▶ What you need to do:
In the listing below, find the line containing "Lula será diplomado" and the line containing "Dolarda kıyamet kopacak: Dünyaca". Repeat exactly those two lines and every line between them.

*** Records Section Begins ***

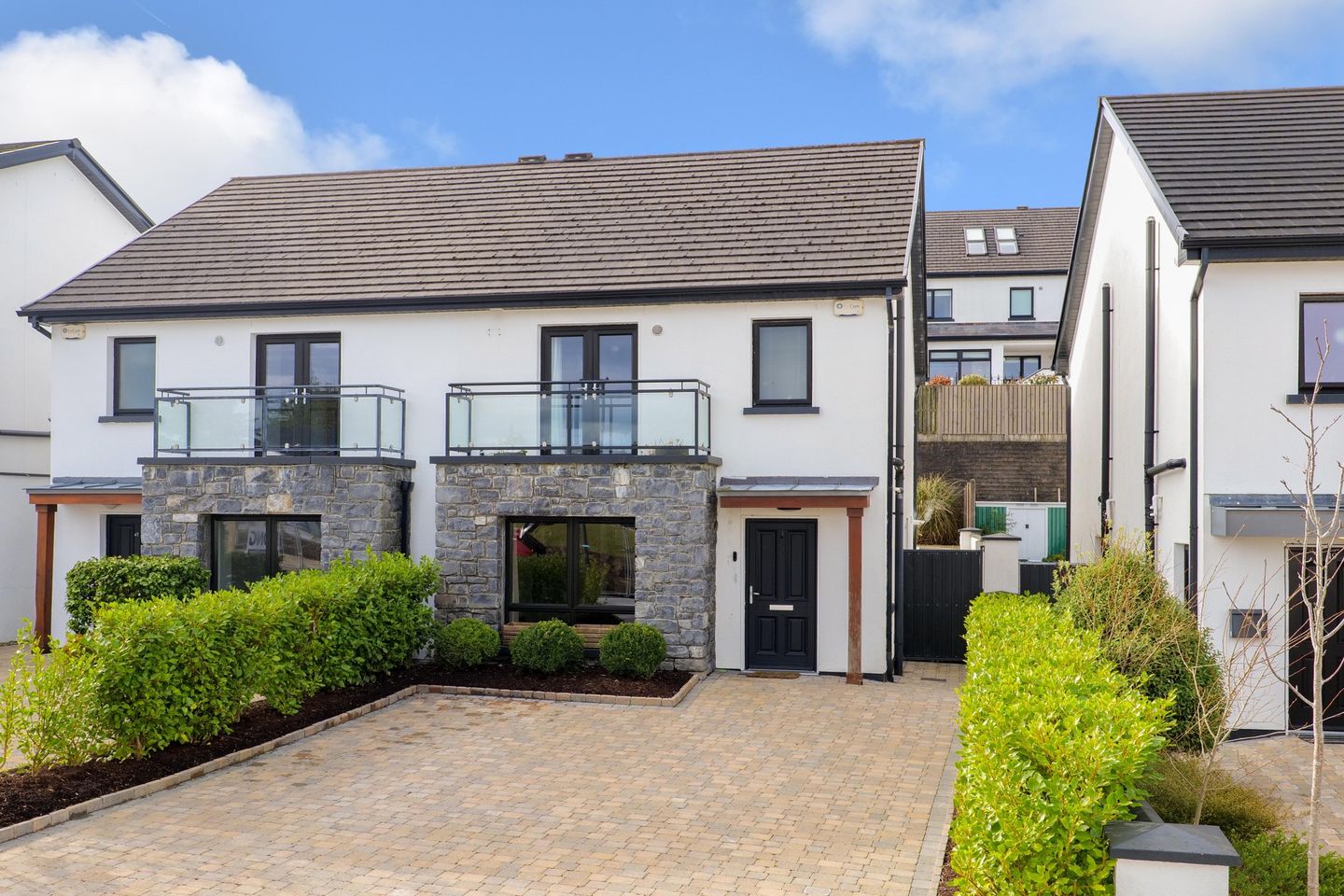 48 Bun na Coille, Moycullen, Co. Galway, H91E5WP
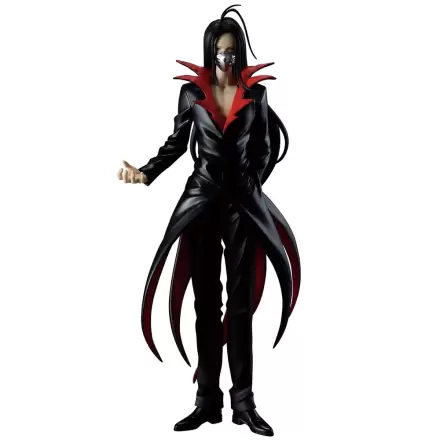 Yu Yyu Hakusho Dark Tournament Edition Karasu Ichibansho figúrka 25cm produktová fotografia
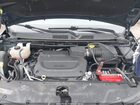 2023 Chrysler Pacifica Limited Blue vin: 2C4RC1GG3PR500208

*** Records Section Ends ***
*** Records Section Begins ***

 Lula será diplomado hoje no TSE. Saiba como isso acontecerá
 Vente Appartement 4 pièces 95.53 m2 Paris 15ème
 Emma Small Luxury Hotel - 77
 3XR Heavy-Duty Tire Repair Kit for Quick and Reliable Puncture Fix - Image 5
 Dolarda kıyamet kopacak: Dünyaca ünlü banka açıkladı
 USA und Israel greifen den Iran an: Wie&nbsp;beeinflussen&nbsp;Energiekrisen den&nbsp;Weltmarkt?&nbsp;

*** Records Section Ends ***

▶ Output below:
 Lula será diplomado hoje no TSE. Saiba como isso acontecerá
 Vente Appartement 4 pièces 95.53 m2 Paris 15ème
 Emma Small Luxury Hotel - 77
 3XR Heavy-Duty Tire Repair Kit for Quick and Reliable Puncture Fix - Image 5
 Dolarda kıyamet kopacak: Dünyaca ünlü banka açıkladı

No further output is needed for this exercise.